BP Sells Assets To Cover Gulf Oil Spill CostsAugust 20, 2012
According to a recent report by Bloomburg Business, BP PLC is selling some of its oil fields in the Gulf of Mexico to help supplement the cost of the 2010 Gulf Coast oil spill. Reportedly, BP is asking upwards of 7.9 billion dollars for some of the oil fields it is attempting to sell. According to industry sources, BP could clear up to $5 billion to $6 billion after the buyer pays taxes. Sources say that BP has refused to comment on the sale but it still plans to remain one of the largest oil and gas producers in the Gulf.

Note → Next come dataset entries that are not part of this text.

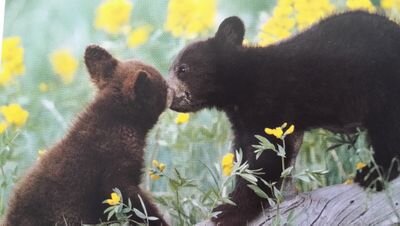 AliceJozzn's profile picture. 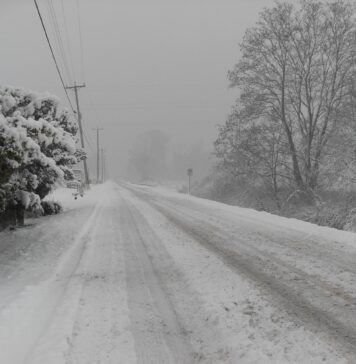 ANM a prelungit și extins codul galben de ninsori până miercuri dimineață: Zece județe și Capitala, sub avertizare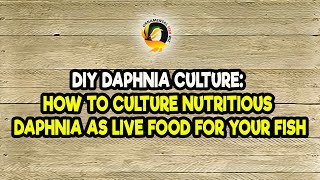 DIY Daphnia Culture How to Culture Nutritious Daphnia as Live Food for Your Fish [upl. by Alec440]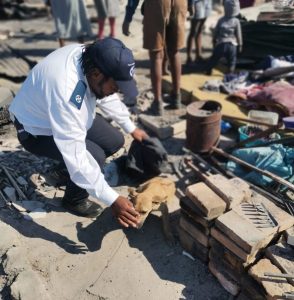 Animals rescued as devastating fire displaces 5 500 Dunoon residents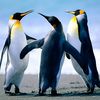 ...penguins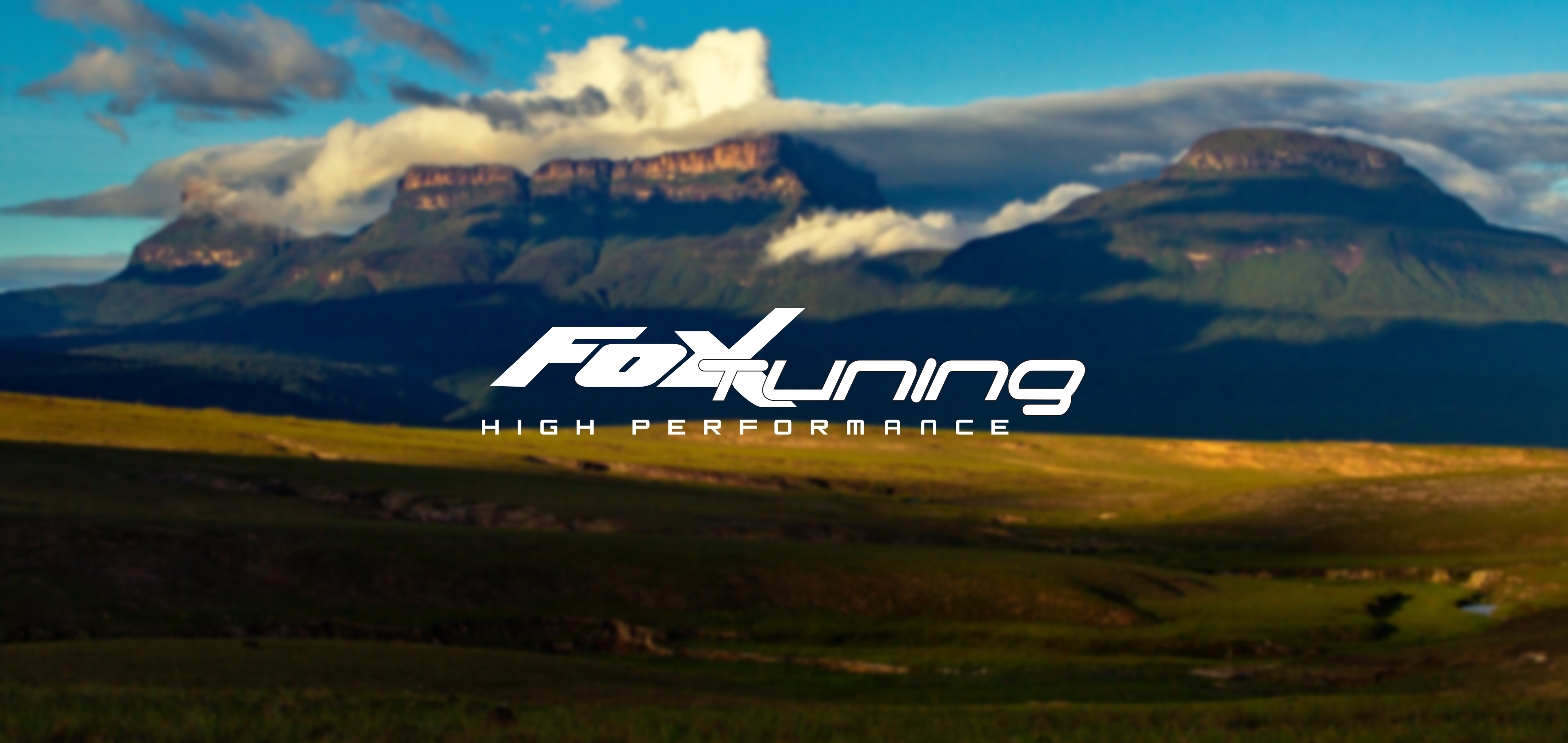 FOX TUNING
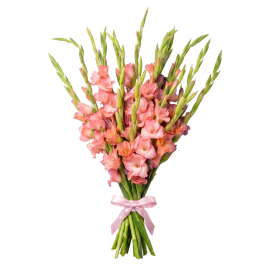 Coral Gladioli Bouquet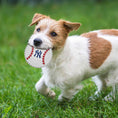 Load image into Gallery viewer, New York Yankees Hard Nylon Baseball Chew Toy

In fact, BP says that the public should not confuse BP business transactions with BP’s commitment to the Gulf of Mexico. Reportedly, BP still plans to invest at least $4 billion per year over the next decade in the Gulf. Sources say the company has six rigs in the Gulf now and plans to have eight by the end of the year. Further, BP insiders report that London-based BP hopes to sell $38 billion worth of assets by the end of 2013 to help pay the costs of cleaning up the Gulf oil spill. Sources say BP has also announced it is selling a California refinery along with pipelines and gasoline stations for an expected $2.5 billion. Reportedly, this deal brought BP's asset sales to $26.5 billion since the April 2010 Gulf oil spill.
According to Bloomburg, in July, BP reported a second-quarter loss of $1.4 billion on lower oil prices, falling production and write-downs of assets including shale-gas holdings in the U.S. The loss was larger than analysts expected and a reversal from profit of $5.7 billion a year earlier.